I'm also a big believer in the short term relationship. Forever is an incorrect concept, and I think it's stupid and dangerous when people as young as I am try to imagine the partners they will want decades down the road. I've always had fleeting relationships with profoundly unsuitable people, but I've always relished in that incompatibility, that disconnect, the inevitable doom. It gives me wonderful bravado, to experiment in the sandboxen that these teen and early twenties relationships inevitably are.

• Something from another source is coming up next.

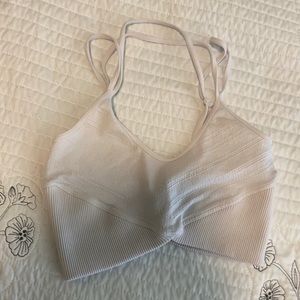Free People Black Diamond Crop Sports Bra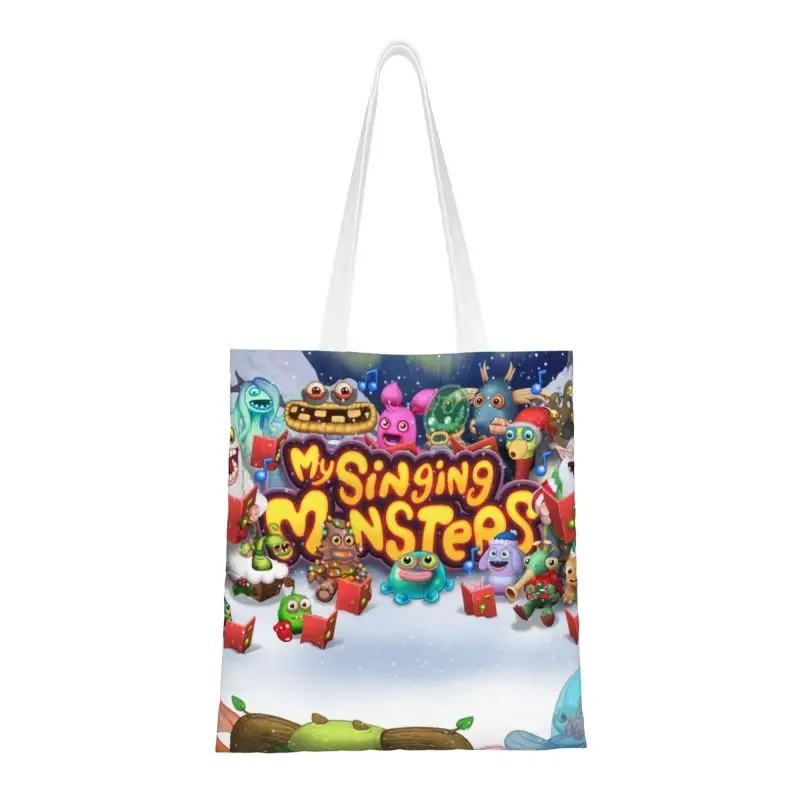 

Холщовая сумка-шоппер с принтом «Мой Поющий Монстр»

I don't believe in monogamy. I oscillate wildly between deluded optimism and crushing cynicism and I go with the latter on this one. I realized how incompatible I was with monogamy in the same way frat boys give up on the concept of respecting women; sexual incompatibility - not just with each other, but with society. I don't know much, but I know me, and I know sex, and I know that monogamy is artificial and difficult and, for a lot of people, a zero sum game.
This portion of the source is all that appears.